Chapter 1
On the day of my wedding, my new husband told me, to my face, that he’d been in love with someone else for a very long time. So he wouldn’t touch me. We’d just… make do with each other.
When he said it, the way he looked at me was both despairing and ice-cold. “How long do we have to keep settling in life?”
I met him when I was twenty-seven. Only later did I find out that he’d come to that blind date out of spite against his family.
From the day we met to the day we married, it took less than two months.
When I was twenty-five, I told myself: if I couldn’t marry for love before I turned twenty-seven, I’d unapologetically marry the richest man I could find within my reach.
I didn’t do it. Because I met someone named Zhou Yang.
He was very good-looking, quiet, not particularly cheerful, and not exactly funny or charming either.
But we got along surprisingly well. There was something about his smile in particular—it held an irresistible pull for me. I wouldn’t call it love at first sight, but I was more than satisfied with how that blind date turned out.
In my heart, I clasped my hands together and thanked the heavens for letting me stumble upon the male lead at this age, and with our birth charts perfectly matched at that.
So I gave up on the rich man plan and married him.
Before the wedding, we spent some time together. I let myself imagine, I let myself hope, I let myself believe that love had come crashing into my life just like that, fast as a thunderclap.
But I was wrong.
On the wedding day, he got dead drunk, throwing up violently in the bathroom until there was nothing left.
When he came out, I was standing at the door with a glass of water.
He didn’t even glance my way. He swayed unsteadily toward the living room on his own, slumped against the sofa, and ended up curled on the floor.
I followed him over, set the water down on the table, and asked if he was feeling terrible. He didn’t respond.
I reached out to help him sit up. He refused. Then he slowly lifted his head and looked at me with those eyes—so cold, so despairing—and said, “How long do we have to keep settling in life?”
I froze for a second, laughed it off, and told him he’d really had too much to drink, then tried once more to help him up.
He pulled his hand free from my grip, let out a long breath, and said, “I’d like to be alone for a while. You should go to bed first.”
The night of our wedding stretched on endlessly. From the living room, there was no sound from Zhou Yang at all.
And I, alone in that cavernous bedroom, tossed and turned, unable to sleep. I opened the bedroom window to get some air.
The autumn night was already deeply cold—
In the lamplight, I watched the withered yellow leaves fall one by one with the wind, while the bare, dry branches still stretched crookedly into the sky…
How long do we have to keep settling in life?
I had always felt we had a quiet understanding between us. Like the first time we met, when we both ordered grape-flavored soda without either of us suggesting it. Or the way I had quietly made peace with the idea that a marriage without a sweeping, passionate love story could still be a happy one.
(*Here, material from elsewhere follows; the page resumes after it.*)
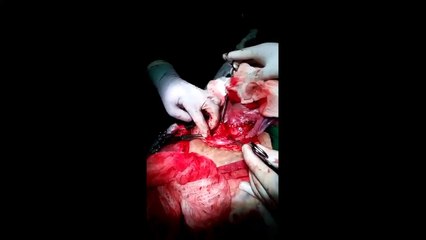 Bladder Stone Removal in Mumbai - Treatment for Bladder India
But it turned out he had never truly compromised. The emotions he’d been suppressing had finally erupted. Maybe there was someone he loved. Or maybe he’d simply drunk too much that night…
And yet I couldn’t control the fear that began creeping up inside me.
When I woke in the morning and walked out of the bedroom, I found breakfast already laid out on the table. He was sitting there quietly, as if he’d been waiting for quite some time.
I smiled and walked over—
He told me he didn’t plan on having children anytime soon. He told me he always worked the early shift. He told me I didn’t need to wait for him for dinner after work. He told me if I got tired at night, I should just sleep—no need to leave the light on for him…
I cut him off and asked, “Is there someone you love?”
He lifted his eyes to mine and said, “Yes.”
I froze for a moment, but I wasn’t all that surprised. I said, “I’ll give you time.”
He didn’t reply, just lowered his head and went on eating his breakfast…
Sometimes I would stand before the mirror, lost in thought, telling myself that even if I wasn’t a stunning beauty, I still had a certain charm worth mentioning. Then I’d tell myself, let it go—if it’s not meant to be, don’t force it.
Anyway, no one was rushing me to get married anymore. One simple “I have my own plans” was enough to stop all the prying questions. My life had become, if nothing else, rather peaceful.